Sentiment Analysis using Logistic Regression
Authors: George B. Aliman, Tanya Faye S. Nivera, Jensine Charmille A. Olazo, Daisy Jane P. Ramos, Chris Danielle B. Sanchez, Timothy M. Amado, Nilo M. Arago, Romeo L. Jorda Jr.,Glenn C. Virrey, Ira C. Valenzuela
Abstract
This paper proposed a study that will assess different machine learning techniques in classifying tweets. There are four machine learning techniques that will be subjected to testing using same set of data namely: Naive Bayes, Linear Support Vector Classifier, Stochastic Gradient Descent Classifier and Logistic Regression. It is always a challenge to identify which machine learning model will give the most efficient performance in sentiment analysis.
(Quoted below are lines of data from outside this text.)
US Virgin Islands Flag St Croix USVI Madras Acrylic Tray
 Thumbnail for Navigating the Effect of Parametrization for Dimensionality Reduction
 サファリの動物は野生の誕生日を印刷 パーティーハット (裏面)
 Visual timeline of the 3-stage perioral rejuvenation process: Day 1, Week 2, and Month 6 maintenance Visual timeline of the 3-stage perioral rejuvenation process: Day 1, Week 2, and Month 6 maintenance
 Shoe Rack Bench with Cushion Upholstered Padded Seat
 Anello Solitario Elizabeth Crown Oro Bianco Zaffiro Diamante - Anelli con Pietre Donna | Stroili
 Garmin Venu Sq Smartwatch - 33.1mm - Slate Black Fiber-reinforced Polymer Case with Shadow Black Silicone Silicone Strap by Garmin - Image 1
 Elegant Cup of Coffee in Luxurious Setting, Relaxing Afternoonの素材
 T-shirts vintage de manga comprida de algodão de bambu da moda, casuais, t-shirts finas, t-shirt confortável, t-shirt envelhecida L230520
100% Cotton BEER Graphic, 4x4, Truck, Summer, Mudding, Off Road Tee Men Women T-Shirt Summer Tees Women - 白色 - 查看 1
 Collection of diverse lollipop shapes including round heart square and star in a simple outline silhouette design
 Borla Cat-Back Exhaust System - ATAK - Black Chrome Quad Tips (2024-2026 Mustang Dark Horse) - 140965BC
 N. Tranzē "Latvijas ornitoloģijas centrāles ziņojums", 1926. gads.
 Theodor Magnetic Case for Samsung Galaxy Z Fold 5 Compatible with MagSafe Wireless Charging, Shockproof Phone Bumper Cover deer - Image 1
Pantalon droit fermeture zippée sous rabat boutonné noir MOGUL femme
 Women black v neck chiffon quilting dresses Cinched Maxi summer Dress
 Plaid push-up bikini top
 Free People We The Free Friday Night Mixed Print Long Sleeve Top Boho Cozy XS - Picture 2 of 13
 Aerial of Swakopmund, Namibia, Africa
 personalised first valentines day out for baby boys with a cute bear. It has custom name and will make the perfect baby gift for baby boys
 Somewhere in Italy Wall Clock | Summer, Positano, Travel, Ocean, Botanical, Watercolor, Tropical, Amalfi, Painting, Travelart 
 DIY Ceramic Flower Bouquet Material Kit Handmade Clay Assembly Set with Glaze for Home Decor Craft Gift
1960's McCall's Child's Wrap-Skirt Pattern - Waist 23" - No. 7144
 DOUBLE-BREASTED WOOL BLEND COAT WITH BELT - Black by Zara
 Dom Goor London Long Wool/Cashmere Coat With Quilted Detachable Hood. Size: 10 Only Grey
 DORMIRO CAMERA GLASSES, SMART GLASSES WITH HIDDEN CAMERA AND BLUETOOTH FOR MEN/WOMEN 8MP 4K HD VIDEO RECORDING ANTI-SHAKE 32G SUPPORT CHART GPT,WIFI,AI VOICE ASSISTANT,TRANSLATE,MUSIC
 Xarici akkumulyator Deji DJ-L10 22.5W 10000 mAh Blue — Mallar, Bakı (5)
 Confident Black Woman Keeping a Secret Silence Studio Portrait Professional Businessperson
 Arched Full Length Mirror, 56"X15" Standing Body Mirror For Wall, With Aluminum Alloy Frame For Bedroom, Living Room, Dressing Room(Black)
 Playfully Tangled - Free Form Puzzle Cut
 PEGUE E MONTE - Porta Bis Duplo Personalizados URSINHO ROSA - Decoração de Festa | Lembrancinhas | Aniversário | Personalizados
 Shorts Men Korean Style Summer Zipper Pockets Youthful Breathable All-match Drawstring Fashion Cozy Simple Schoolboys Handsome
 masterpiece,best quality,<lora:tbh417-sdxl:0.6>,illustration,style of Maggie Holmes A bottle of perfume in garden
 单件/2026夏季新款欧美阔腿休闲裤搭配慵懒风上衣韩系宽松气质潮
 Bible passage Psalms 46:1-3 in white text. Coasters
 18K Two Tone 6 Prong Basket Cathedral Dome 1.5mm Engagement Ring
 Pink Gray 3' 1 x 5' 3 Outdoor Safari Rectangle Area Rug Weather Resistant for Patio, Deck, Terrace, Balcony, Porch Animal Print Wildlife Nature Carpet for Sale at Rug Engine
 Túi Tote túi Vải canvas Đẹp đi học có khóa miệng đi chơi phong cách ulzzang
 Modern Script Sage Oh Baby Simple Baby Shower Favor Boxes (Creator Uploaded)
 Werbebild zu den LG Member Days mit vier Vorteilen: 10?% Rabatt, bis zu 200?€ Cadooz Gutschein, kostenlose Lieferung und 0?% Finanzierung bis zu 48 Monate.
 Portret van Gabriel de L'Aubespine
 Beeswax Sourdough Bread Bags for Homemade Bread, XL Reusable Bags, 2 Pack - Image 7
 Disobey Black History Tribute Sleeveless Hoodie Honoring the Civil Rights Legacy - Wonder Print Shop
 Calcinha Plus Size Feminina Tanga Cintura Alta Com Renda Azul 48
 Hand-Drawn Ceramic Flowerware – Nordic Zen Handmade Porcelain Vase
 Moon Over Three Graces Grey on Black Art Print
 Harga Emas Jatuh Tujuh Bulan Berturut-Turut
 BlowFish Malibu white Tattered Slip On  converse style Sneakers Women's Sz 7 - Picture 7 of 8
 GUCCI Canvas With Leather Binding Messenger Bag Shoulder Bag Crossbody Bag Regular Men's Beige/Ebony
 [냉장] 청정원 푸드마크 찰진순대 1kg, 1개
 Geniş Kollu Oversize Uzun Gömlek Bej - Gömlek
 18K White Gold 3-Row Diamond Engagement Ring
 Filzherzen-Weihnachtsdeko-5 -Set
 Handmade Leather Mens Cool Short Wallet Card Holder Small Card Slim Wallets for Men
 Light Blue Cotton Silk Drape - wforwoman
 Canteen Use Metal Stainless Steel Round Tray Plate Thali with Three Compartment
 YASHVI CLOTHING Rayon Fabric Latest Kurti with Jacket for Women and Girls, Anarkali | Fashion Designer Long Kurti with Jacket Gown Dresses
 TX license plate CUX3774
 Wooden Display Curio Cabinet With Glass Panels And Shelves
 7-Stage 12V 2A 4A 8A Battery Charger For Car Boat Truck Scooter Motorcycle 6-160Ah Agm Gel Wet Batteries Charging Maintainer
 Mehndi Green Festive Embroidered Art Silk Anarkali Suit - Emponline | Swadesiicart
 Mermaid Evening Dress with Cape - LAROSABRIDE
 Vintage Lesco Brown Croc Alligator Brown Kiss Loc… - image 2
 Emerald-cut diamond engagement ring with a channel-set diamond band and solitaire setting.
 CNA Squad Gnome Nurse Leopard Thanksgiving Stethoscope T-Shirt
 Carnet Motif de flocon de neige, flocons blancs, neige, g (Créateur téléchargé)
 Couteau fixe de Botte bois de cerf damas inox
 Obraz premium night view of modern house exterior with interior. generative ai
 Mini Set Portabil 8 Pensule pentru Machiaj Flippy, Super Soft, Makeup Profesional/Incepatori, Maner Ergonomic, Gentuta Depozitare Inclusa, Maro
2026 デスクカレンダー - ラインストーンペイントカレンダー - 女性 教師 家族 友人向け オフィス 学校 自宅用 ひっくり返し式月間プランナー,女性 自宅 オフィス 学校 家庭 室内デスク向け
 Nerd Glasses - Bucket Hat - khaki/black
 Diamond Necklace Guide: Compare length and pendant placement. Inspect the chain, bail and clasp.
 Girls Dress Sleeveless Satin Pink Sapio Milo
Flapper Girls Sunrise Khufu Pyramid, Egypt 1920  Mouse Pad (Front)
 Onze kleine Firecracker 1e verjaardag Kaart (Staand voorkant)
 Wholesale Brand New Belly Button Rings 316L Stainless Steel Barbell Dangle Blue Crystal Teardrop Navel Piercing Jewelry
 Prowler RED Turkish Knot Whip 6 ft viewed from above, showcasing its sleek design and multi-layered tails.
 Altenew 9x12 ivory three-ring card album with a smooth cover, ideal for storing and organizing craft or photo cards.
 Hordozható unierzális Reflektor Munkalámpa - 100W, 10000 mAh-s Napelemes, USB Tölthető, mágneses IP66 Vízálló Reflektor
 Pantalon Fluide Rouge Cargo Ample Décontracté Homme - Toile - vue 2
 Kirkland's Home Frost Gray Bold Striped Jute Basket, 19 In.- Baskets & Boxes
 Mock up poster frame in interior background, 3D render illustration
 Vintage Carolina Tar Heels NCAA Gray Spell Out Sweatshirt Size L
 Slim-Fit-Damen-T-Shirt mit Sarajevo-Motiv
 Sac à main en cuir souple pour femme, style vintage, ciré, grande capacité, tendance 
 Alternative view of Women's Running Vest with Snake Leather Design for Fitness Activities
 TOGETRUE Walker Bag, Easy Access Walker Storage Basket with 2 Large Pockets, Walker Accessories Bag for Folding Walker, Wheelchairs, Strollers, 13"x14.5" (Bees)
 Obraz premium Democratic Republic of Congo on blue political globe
The main objective of this paper is to find the best machine learning technique for the sentiment analysis in English, Filipino and Taglish languages. The said models will be integrated to Twitter’s API for the collection of twitter data which will be subjected to data preprocessing to make the tweets analyzable and then feature extraction was done using Natural Language Processing. The performance scores of each machine learning algorithm has been computed. The four algorithms: Support Vector Classifier, Stochastic Gradient Descent, Naive Bayes and Logistic Regression were used for machine learning with an accuracy of 69%, 71%, 77%, and 81% respectively. The Logistic Regression Model has the highest accuracy and best fitted algorithm for prediction of potential mental health crisis tweets.